BFUSD is a specialized asset created for users of Binance who trade on its USDⓈ-M Futures platform. Rather than being a traditional stablecoin, BFUSD functions as a reward-generating collateral asset. When traders convert their USDT into BFUSD, they can continue using it as margin for futures positions while also earning daily rewards in USDT.
This design makes BFUSD particularly appealing to active futures traders who want their idle margin to work more efficiently instead of sitting unused.

How BFUSD Works in Practice
At its core, BFUSD is a conversion of USDT into an asset that serves two roles at once. First, it acts as collateral for USDⓈ-M Futures trades. Second, it entitles holders to daily USDT rewards.
Simply holding BFUSD in a Binance Futures wallet is enough to qualify for base rewards. Traders who go a step further and actively use BFUSD as margin for futures positions can unlock higher reward rates. In this way, BFUSD bridges passive yield generation with active trading.

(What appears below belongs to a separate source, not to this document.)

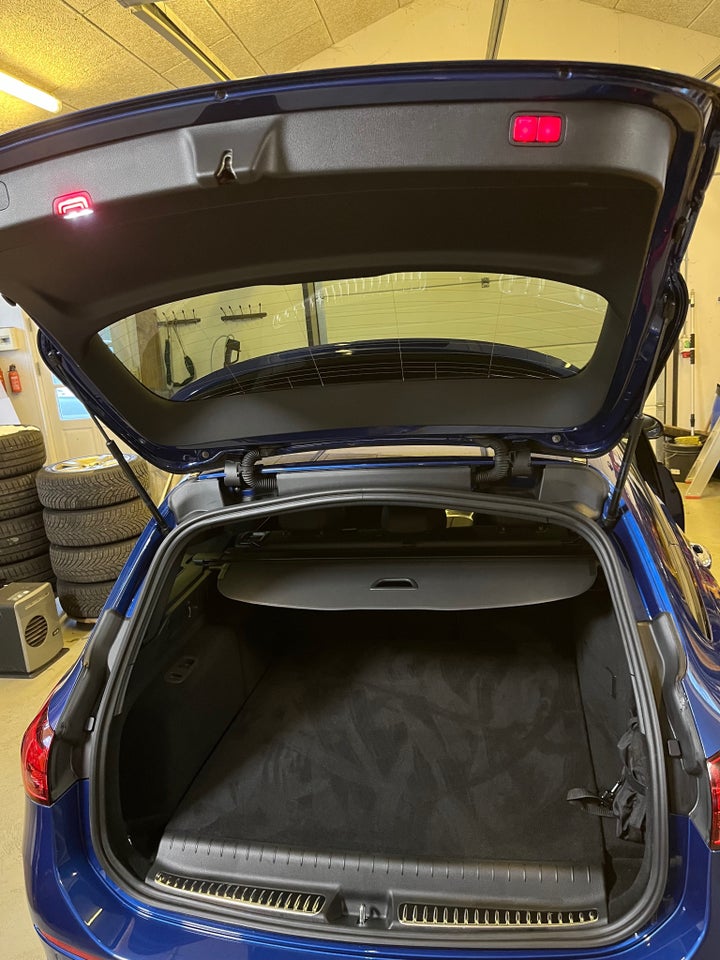 Mercedes C300 e 2,0 AMG Line stc. aut. 5d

Where BFUSD Rewards Come From
The rewards distributed to BFUSD holders are not arbitrary. They are funded by Binance’s internal investment and risk-management strategies, primarily focused on delta-neutral hedging and staking activities.
Delta-neutral hedging involves opening offsetting positions in spot and futures markets to minimize exposure to price movements while capturing funding fees. This strategy aims to generate relatively stable returns regardless of short-term market direction.
Another source of yield comes from staking ether on the Ethereum network. A portion of the funds collected from BFUSD conversions is used to acquire and stake ETH, and the staking rewards contribute to the pool used to pay BFUSD holders. Because these strategies perform differently depending on market conditions, daily reward rates can fluctuate.
Base Rewards and Boosted Rewards
BFUSD rewards are divided into two tiers. The base rate applies to users who simply hold BFUSD in their USDⓈ-M Futures wallet. The boosted rate is reserved for traders who actively use BFUSD as collateral in futures trades, reflecting their deeper participation in the system.
This structure encourages engagement while still offering value to users who prefer a more passive approach.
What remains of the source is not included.